▸ **WORK ITEM**
In the listing below, find the line with "UK Sails Spinnaker" and copy every line from there up to and including the line with "Placca Porta Frutti", exactly and without pictures.

▸ **GIVEN RECORDS**
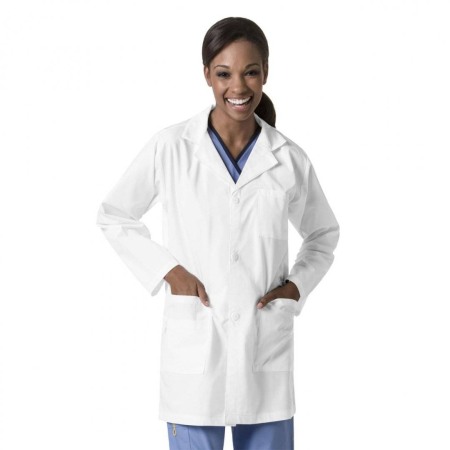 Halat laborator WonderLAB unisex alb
--
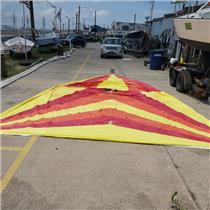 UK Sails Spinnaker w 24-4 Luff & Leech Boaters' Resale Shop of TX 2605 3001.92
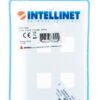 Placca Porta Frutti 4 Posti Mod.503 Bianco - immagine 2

▸ **RESULT**
 UK Sails Spinnaker w 24-4 Luff & Leech Boaters' Resale Shop of TX 2605 3001.92
 Placca Porta Frutti 4 Posti Mod.503 Bianco - immagine 2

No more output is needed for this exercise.